*** Data under study Section Begins ***

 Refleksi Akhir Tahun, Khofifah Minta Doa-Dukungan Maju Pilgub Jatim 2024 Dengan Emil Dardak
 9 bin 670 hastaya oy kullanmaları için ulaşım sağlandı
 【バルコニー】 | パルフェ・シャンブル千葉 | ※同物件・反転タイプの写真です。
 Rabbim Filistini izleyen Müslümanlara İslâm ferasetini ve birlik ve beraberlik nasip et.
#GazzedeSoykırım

*** Data under study Section Ends ***
*** Data under study Section Begins ***

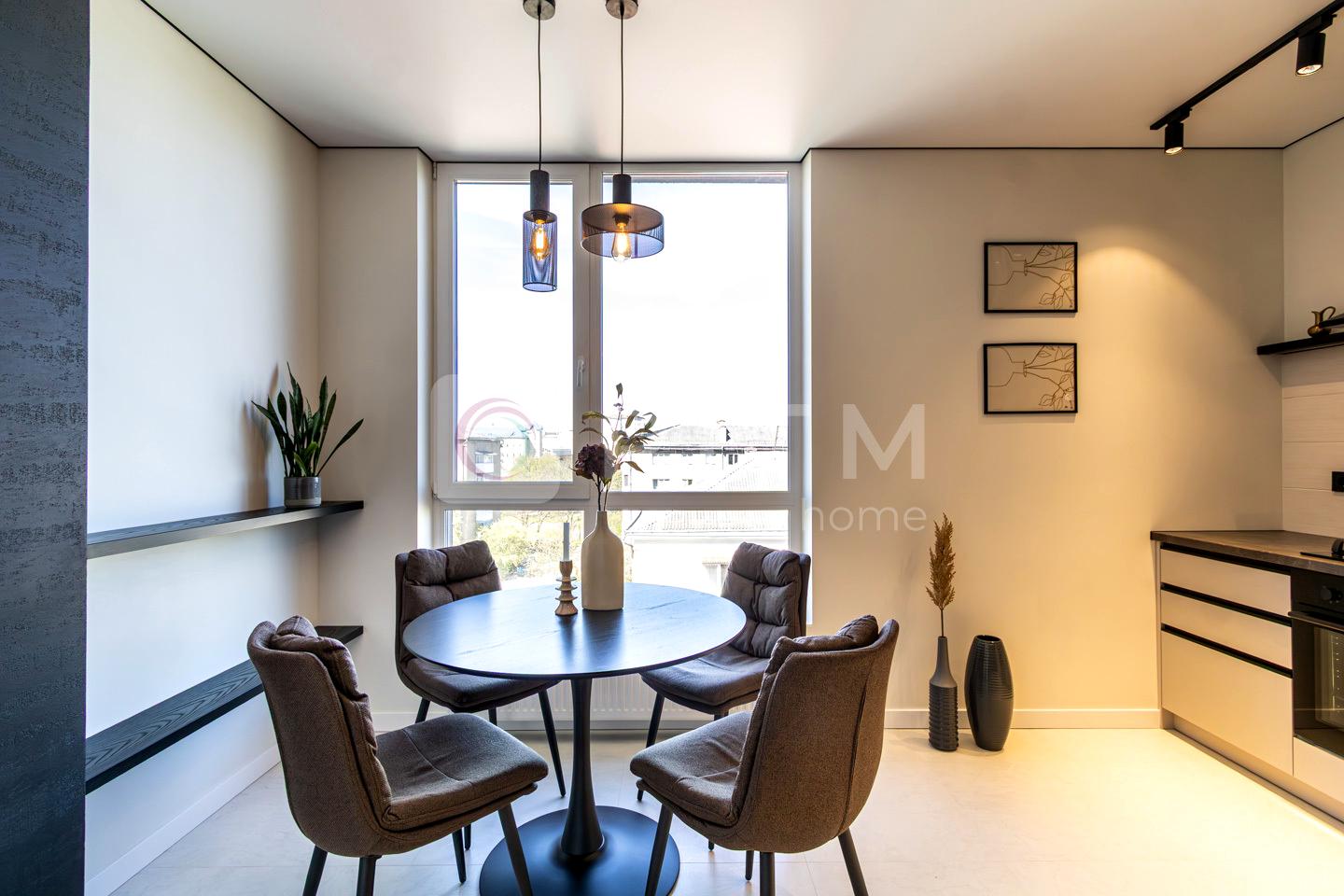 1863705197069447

*** Data under study Section Ends ***
*** Data under study Section Begins ***

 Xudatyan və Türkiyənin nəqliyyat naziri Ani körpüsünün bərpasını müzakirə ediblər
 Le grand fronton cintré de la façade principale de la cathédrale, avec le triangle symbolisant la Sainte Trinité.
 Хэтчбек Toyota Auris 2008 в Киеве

*** Data under study Section Ends ***

● Work task: Restate word for word the entries above from the line with "9 bin 670 hastaya" through the line with "#GazzedeSoykırım", inclusive, leaving out everything else.

● Answer section:
 9 bin 670 hastaya oy kullanmaları için ulaşım sağlandı
 【バルコニー】 | パルフェ・シャンブル千葉 | ※同物件・反転タイプの写真です。
 Rabbim Filistini izleyen Müslümanlara İslâm ferasetini ve birlik ve beraberlik nasip et.
#GazzedeSoykırım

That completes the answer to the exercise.